2.2.5. Exposure dose from hand-surface contact (touch) route

The virus on indoor surfaces is assumed to come from two sources: deposition of respiratory droplets and touch by contaminated hands of the infector. We assume that virus is uniformly distributed on hands, droplet and hand contaminated non-porous surfaces. Virus dose exposed to surfaces can be written as follows:

$$D_{\mathit{hs}}^k=\left(C_{\mathit{hds}}^k+C_{\mathit{hhs}}^k\right)A_{\mathit{hm}}{f}_{\mathit{hm}}{t}_i^k{\eta }_{\mathit{hm}}$$ (7)

where, C _hds ^k and C _hhs ^kare the virus concentration in the hand of individual i by touching a droplet-contaminated and a hand-contaminated non-porous surface. f _hm is the frequency of the hand of touching facial membranes (eyes, nose and mouth). η _hm is the transmission rate of droplets from hand to facial membranes. A _hm is the contact area of hand to mucous membranes. By assuming that virus concentrations on those surfaces reach a steady-state, we have:

$$C_{\mathit{hds}}^k=\frac{f_{\mathit{hhs}}^k{\eta }_{\mathit{hs}}\sum _{j=1}^{N_k}\pi \left(\frac{{\chi }_d}{\mathit{AC}{H}^k+{\chi }_a+{\chi }_d}\underset{0}{\overset{d_a}{\int }}G\left(d_0\right)L\left(j,T\right)d_0^{3}d{d}_r+\underset{d_a}{\overset{\infty }{\int }}G\left(d_0\right)L\left(j,T\right){\xi }_{\mathit{dd}}\left(d_o\right)d_0^{3}d{d}_b\right)}{6A_{\mathit{dc}}^k{\chi }_s{\chi }_h}$$ (8)

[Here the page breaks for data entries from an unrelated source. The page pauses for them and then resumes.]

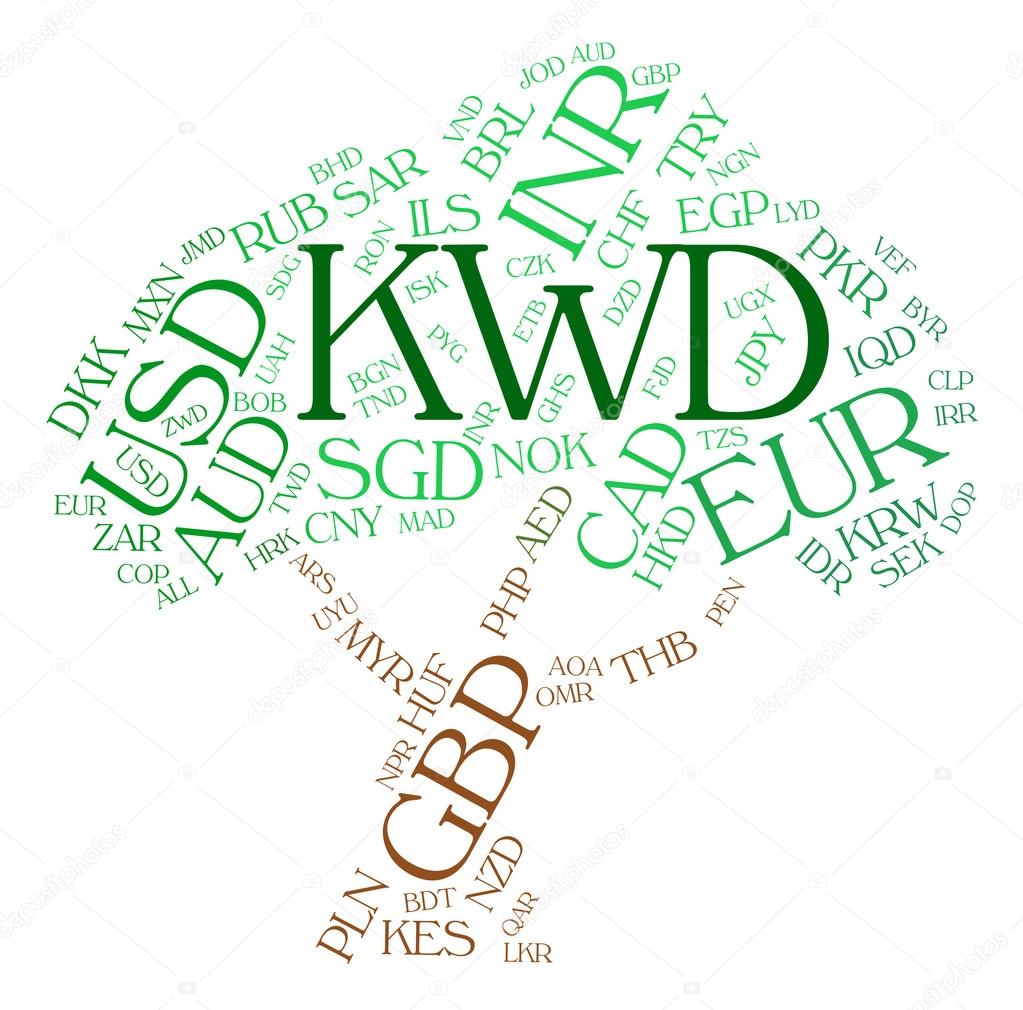 Kwd Currency Represents Foreign Exchange And Currencies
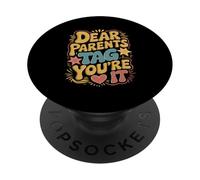 Dear Parents Tag You’re It Leopard Print PopSockets Adhesive PopGrip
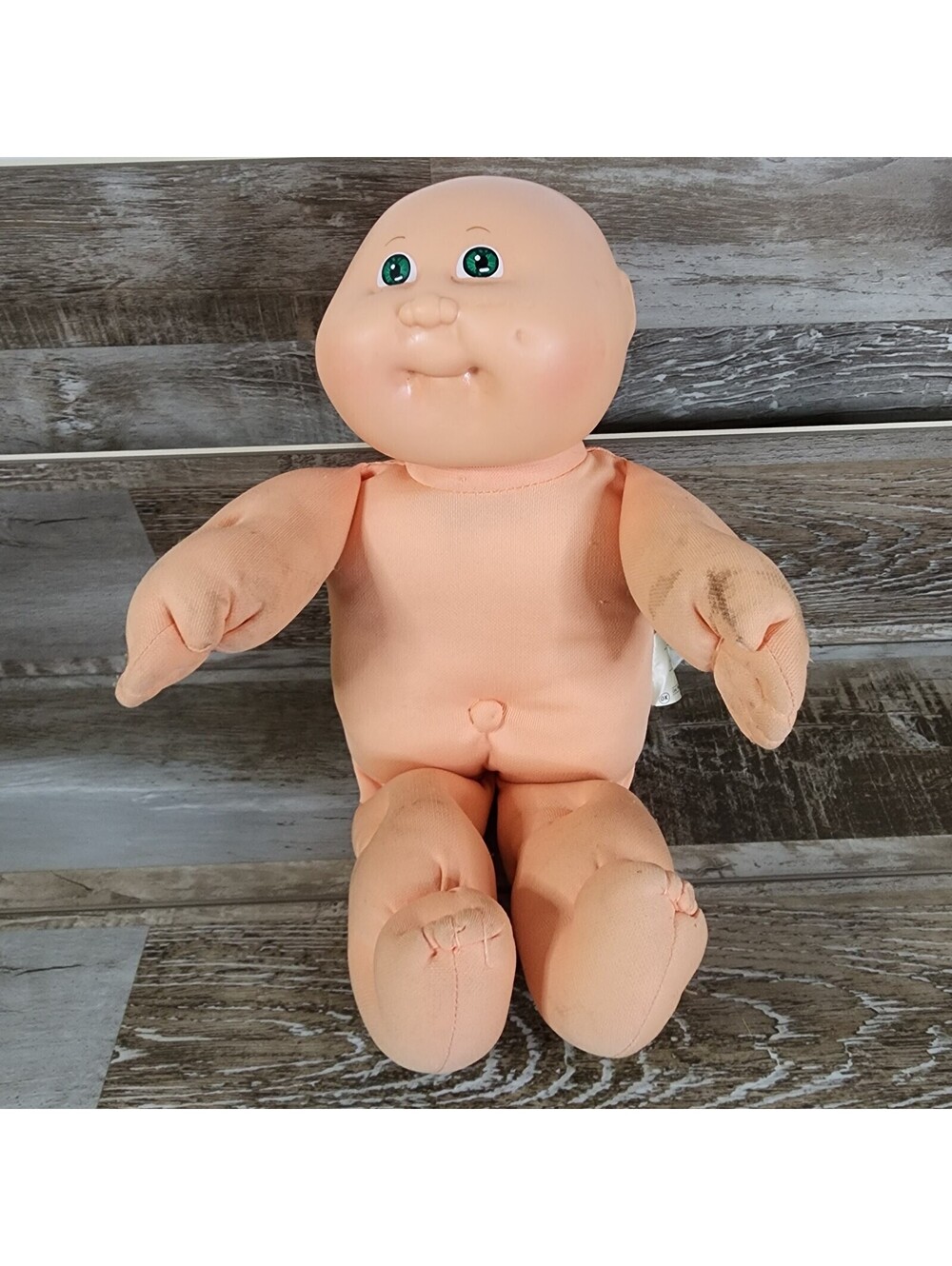 Vintage 1984 CABBAGE PATCH KIDS Bald Doll With Green Eyes & No Clothes OAA XR84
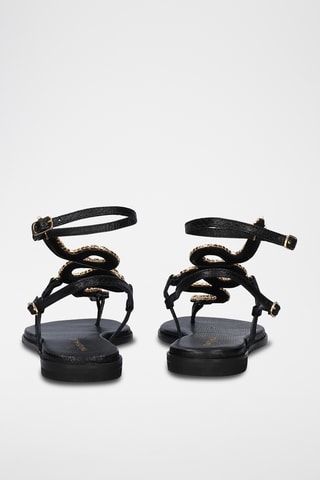 Sandali alla schiava - Nero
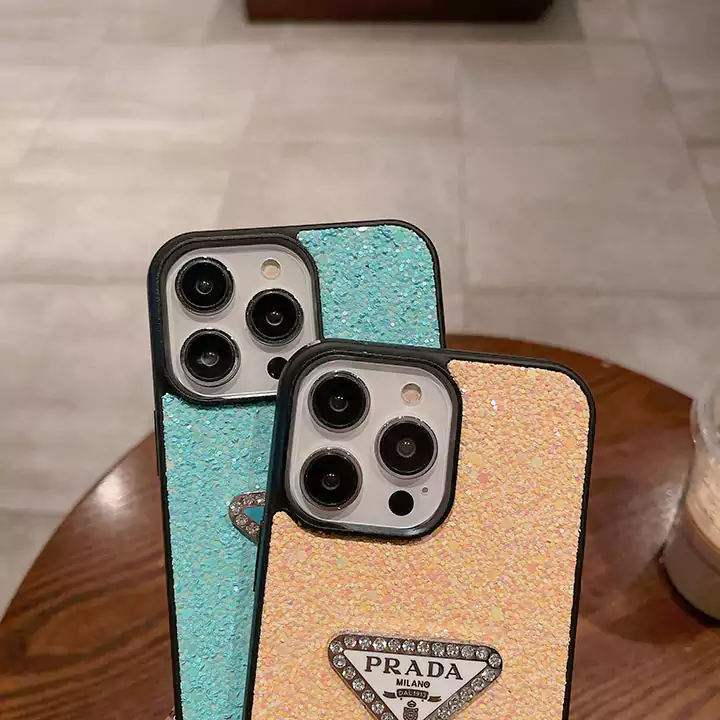 Prada glitter phone case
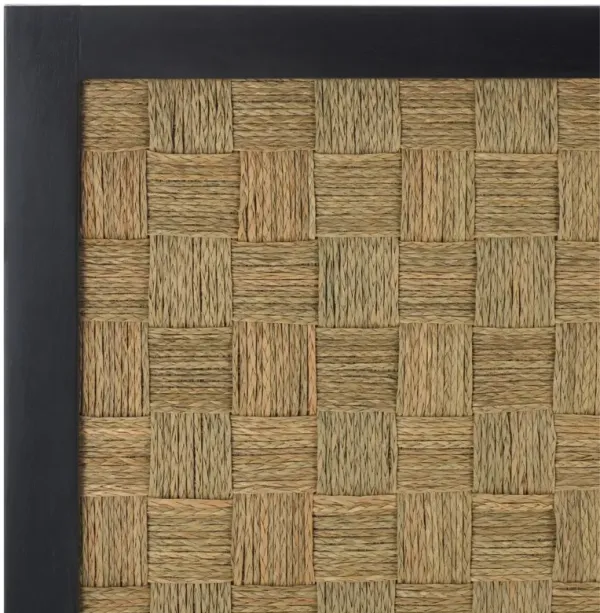 Aedric Rattan Basketweave Headboard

A_dc^k represents the total droplet contaminated area in room k.

Virus dose introduced via touching a special hand-contaminated surfaces (i.e., door handles, desks), C _hhs ^k, can be estimated via first estimate virus concentration on infector's hand, and then virus concentration on the surface and finally virus concentration on the susceptible's hand. This is expressed as a function of the virus death rate on the surface, χ _s, and on hands, χ _h;the frequency of hand touching the surface, f _hhs ^k and facial membranes, f _hm; virus transmission rate of between surface and hand per touch η _hs and the volume of contagious nasal discharge transported the infectors hands per touch of facial membrane V _mh.

$$C_{\mathit{hhs}}^k=\frac{{\left(f_{\mathit{hhs}}^k{\eta }_{\mathit{hs}}\right)}^2{f}_{\mathit{hm}}{V}_{\mathit{mh}}{\xi }_{\mathit{dm}}}{A_{\mathit{hs}}^k{\chi }_s{\chi }_h^2}\sum _{j=1}^{N_k}L\left(j,T\right)$$ (9)

We used one additional parameter, ξ _dm, to denote the virus concentration dilution rate in the nasal discharge relative to the concentration in respiratory droplets. Covering mouth or nose while coughing was not considered as probability of covering and the dose of introduced virus are hard to estimate.

2.2.5.1. Exposure dose from direct hand to hand route

Assuming the virus is uniformly distributed on hands. Virus dose exposed to hand can be written as follows:

$$D_{\mathit{hh}}^k=\frac{A_{\mathit{hm}}{f}_{\mathit{hm}}{t}_{i,j}^k{\eta }_{\mathit{hm}}{\eta }_{\mathit{hh}}}{A_h{\chi }_h^2}\sum _{j=1,j\ne i}^{N_k}{f}_{\mathit{hh}}^{i,i}{f}_{\mathit{hm}}{V}_{\mathit{mh}}{\xi }_{\mathit{dm}}L\left(j,T\right)$$ (10)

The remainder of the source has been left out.